- [Problem details] Find the line containing "dont-hate-me-just-cuz-im-a-little-cooler-svg" in the entries; transcribe it and all remaining lines through the end, exactly as they appear, but not the pictures.

++++ Task input ++++

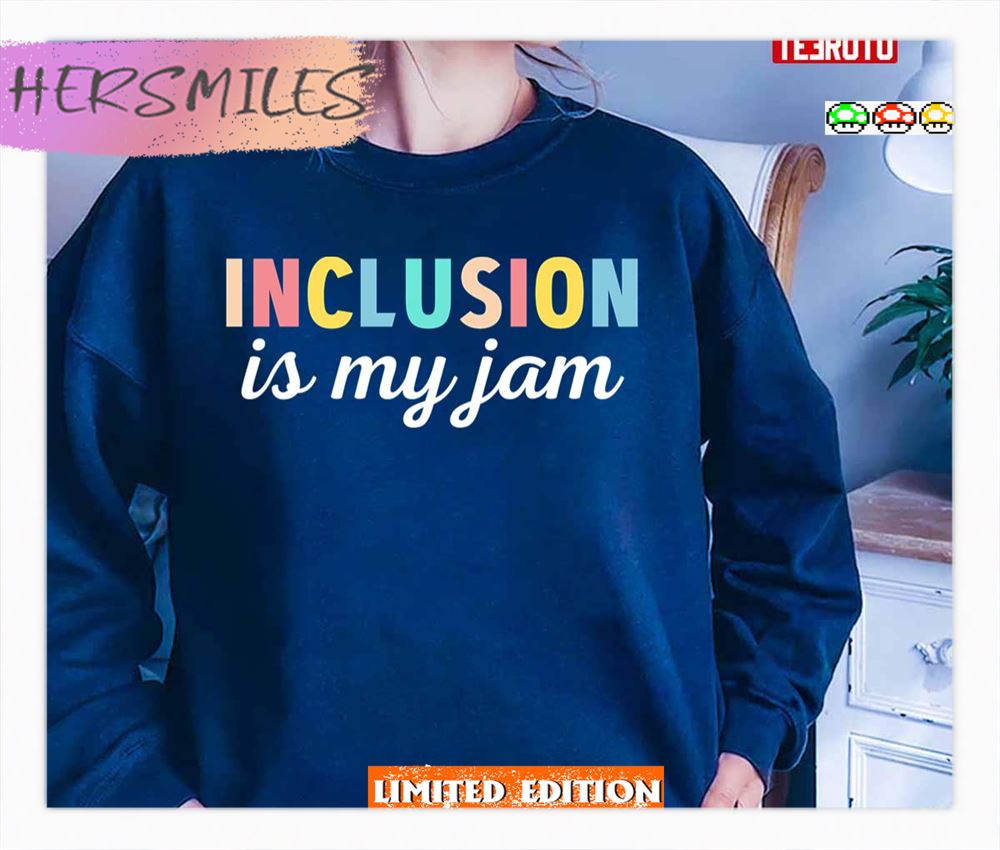 Inclusion Is My Jam Autism Special Needs Special Education Shirt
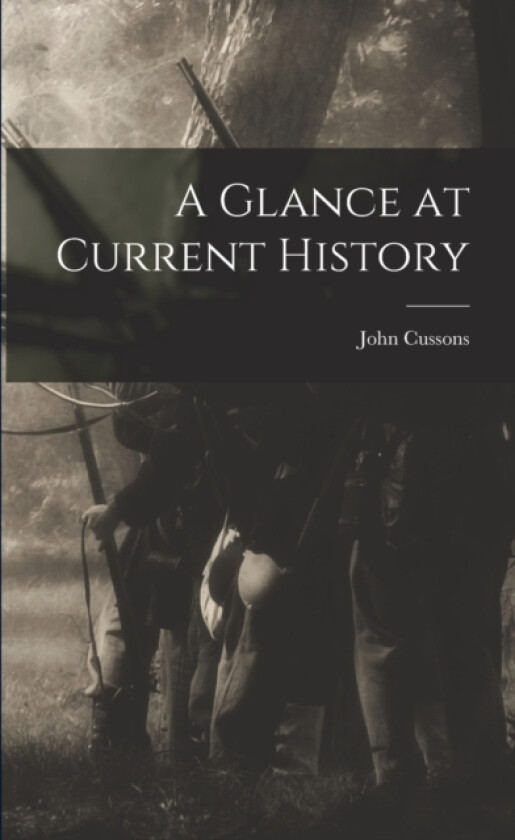 A Glance at Current History av John Cussons (Paperback)
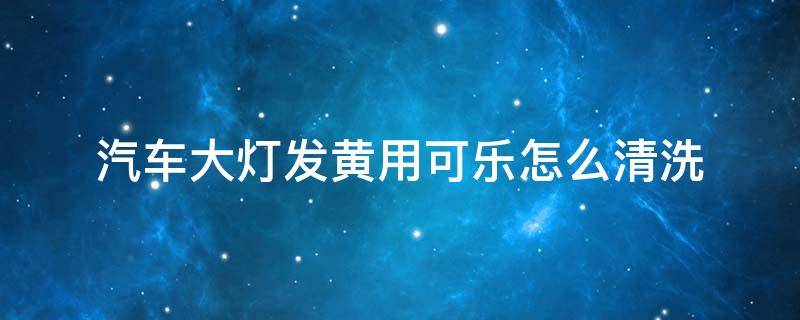 汽車大燈發(fā)黃用可樂怎么清洗 汽車大燈發(fā)黃用可樂可以清洗?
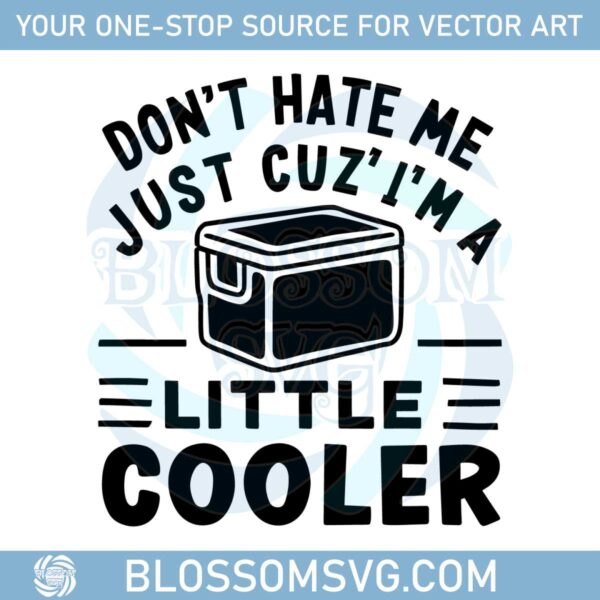 dont-hate-me-just-cuz-im-a-little-cooler-svg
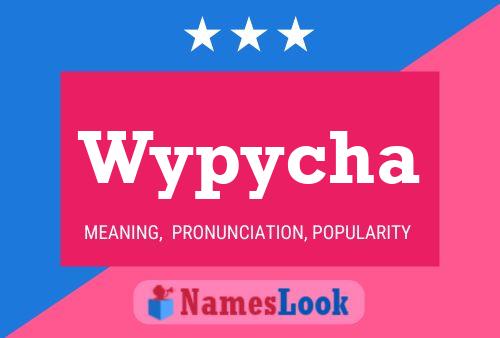 Póster del nombre Wypycha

++++

- [Task result]
 dont-hate-me-just-cuz-im-a-little-cooler-svg
 Póster del nombre Wypycha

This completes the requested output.